Geralmente são os próprios policiais que fazem a abordagem, revela uma empresária. Depois de registrar o assalto à loja, um PM esperou os colegas saírem para oferecer seus préstimos. Ela não aceitou, embora soubesse que outros fazem. "Ele já é pago com dinheiro público para nos dar segurança, então seria como pagar duas vezes", diz. Há comerciantes que preferem o meio-termo. Não entregam dinheiro, mas fazem agrados aos policiais para tê-los com mais frequência na porta da loja. Tem açougue que dá carne, lanchonete que fornece lanche, supermercado que doa alimentos.
Inversão de papéis
Os novos arranjos na segurança pública inverteram alguns papéis no Paraná. Em vez de prender criminosos, policiais agora disputam com eles o mesmo mercado clandestino de vigilância. O assunto não é exatamente novidade para as autoridades do setor. Há dez anos o Sindicato dos Vigilantes do Paraná tem denunciado a atuação ilegal de policiais no ramo da segurança privada. "Não há mudanças porque parece que o comando da Polícia Militar faz vistas grossas", diz o presidente do sindicato, João Soares. "Enquanto isso a marginalidade continua crescendo nas periferias, onde comerciantes contratam até bandidos para cuidar do seu estabelecimento", constata.
"A coisa mais comum é você ir num supermercado, numa farmácia, numa casa lotérica, num posto de gasolina e ver viaturas da Polícia Militar fazendo segurança privada. Principalmente à noite, na hora de fechar o caixa", afirma Soares. "Isso não é de graça, não. Isso é pago para os policiais", confirma. "Por isso a gente vê constantemente as pessoas reclamando que precisam de uma viatura para atender uma ocorrência e leva uma hora, uma hora e meia para ela chegar ao local do incidente", observa. "Polícia é para proteger o cidadão, para isso nós pagamos nossos impostos.
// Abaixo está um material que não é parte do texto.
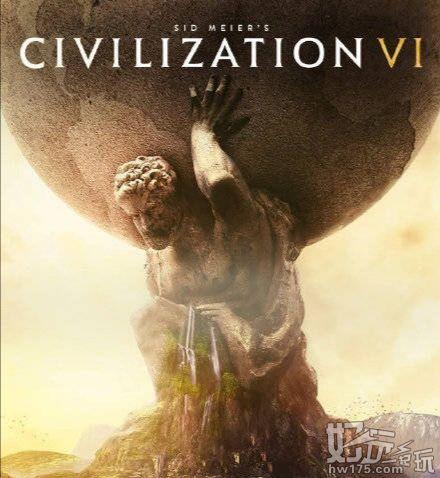 humankind和文明6哪个好玩？对比分析帮你选！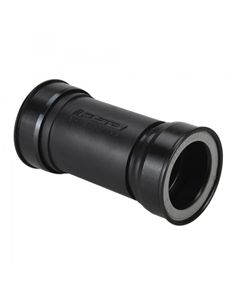 ADAPTADOR FSA PEDALIER BB86/30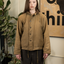 WW2 USN N-1 Deck Jacket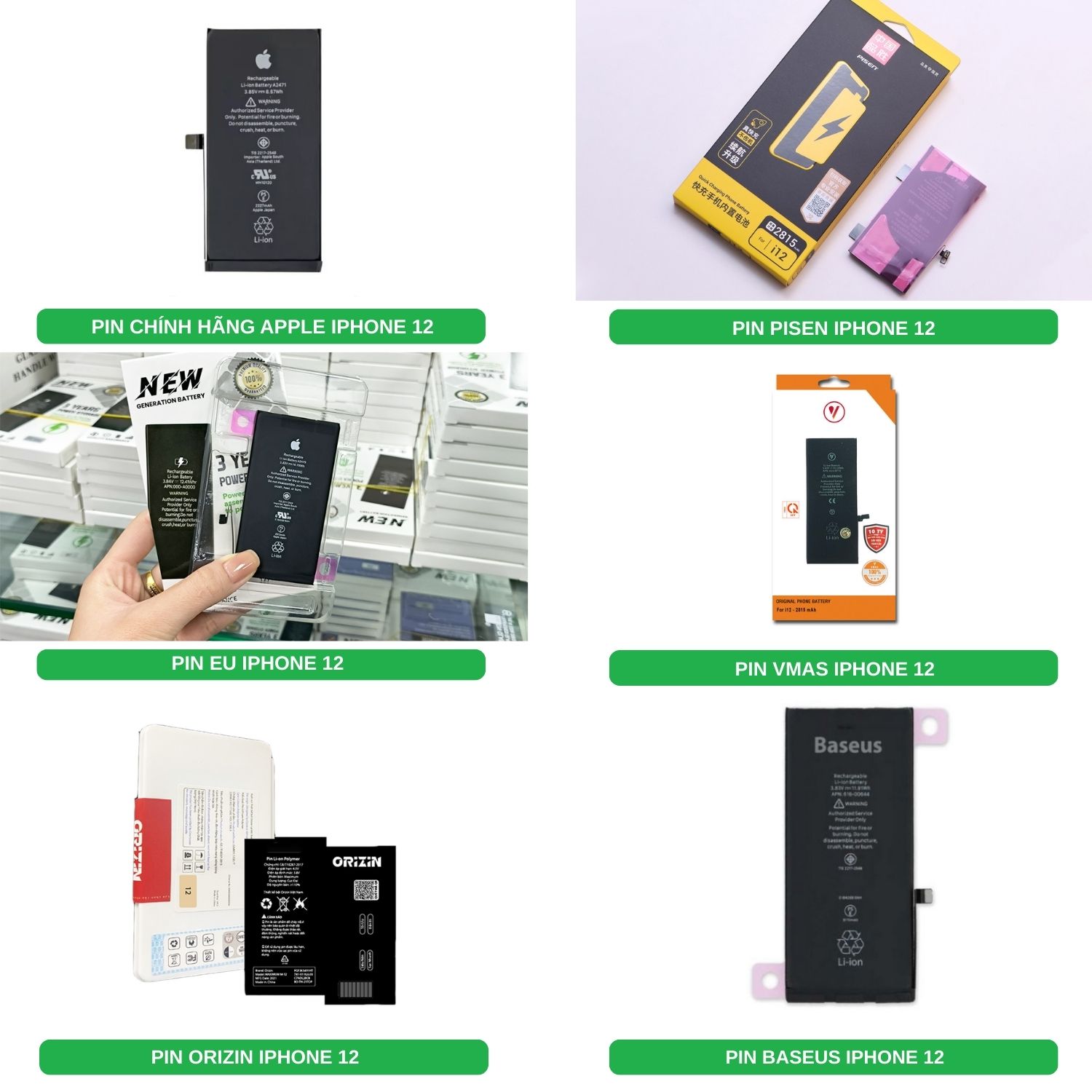 thay-pin-iphone-12-chinh-hang.html-loai-pin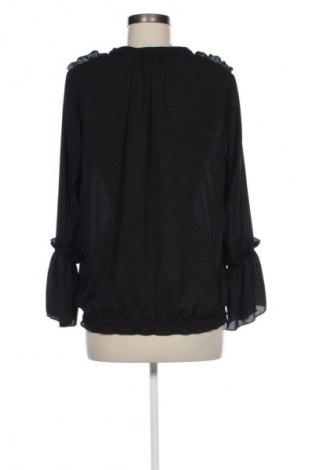 Damen Shirt Ashley Brooke, Größe L, Farbe Schwarz, Preis € 13,99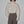 Load image into Gallery viewer, TODAYFUL / トゥデイフル　Soft Turtleneck Tops (ソフトトータルネックトップス)
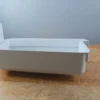 Ge Refrigerator Left Hand Door Bin Wr71x11068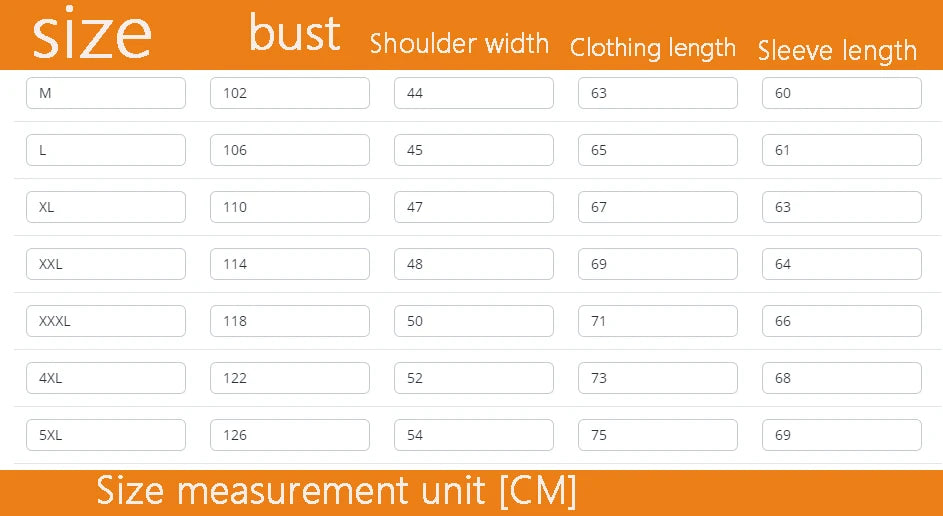 Tom Men's Leather Jacket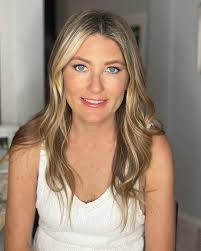 Jessie Flannery Makeup Artistry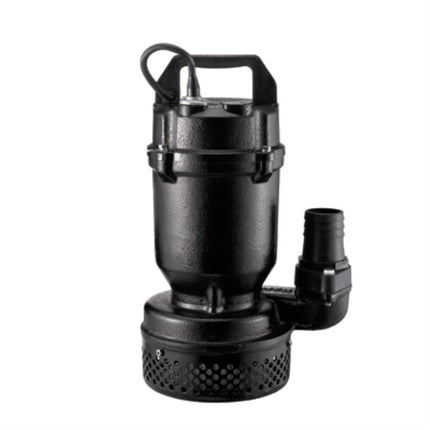 HANIL PUMP Submersible Pump, Clean and Dirty Water IP-815HC-T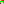 Destellos dst-7029060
Segurança privada é outra coisa."
Soares denuncia não só a concorrência desleal dos policiais, mas o risco à segurança pública. "O policial que faz bico não descansa no dia de folga e vai para as ruas cansado, estressado, muitas vezes prestando um mau serviço à sociedade", diz. Ele lembra ainda que empresa séria não bate de porta em porta para vender serviço de vigilância. "Quem fizer isso deve ser denunciado à Polícia Federal", diz. Segundo ele, instalar o caos em determinada região para depois oferecer esses serviços é uma prática muito frequente. O perigo pode ser grande para quem contrata segurança pirata.
De acordo com o Sindicato das Empresas de Segurança Privada do Paraná (Sindesp), empresas clandestinas não têm critérios, contratam pessoas sem habilitação, sem curso de formação, não recolhem encargos sociais, não dão seguro de vida aos funcionários. Em 2008 o Sindesp encontrou na Junta Comercial 650 registros de empresas de segurança no estado, mas só 72 tinham autorização da Policia Federal para atuar. As empresas regularizadas hoje somam 88, mas o sindicato não sabe informar se depois disso o número de clandestinas aumentou ou diminuiu. A meta da diretoria empossada há uma semana é aumentar para 150 o número de regularizadas até 2014.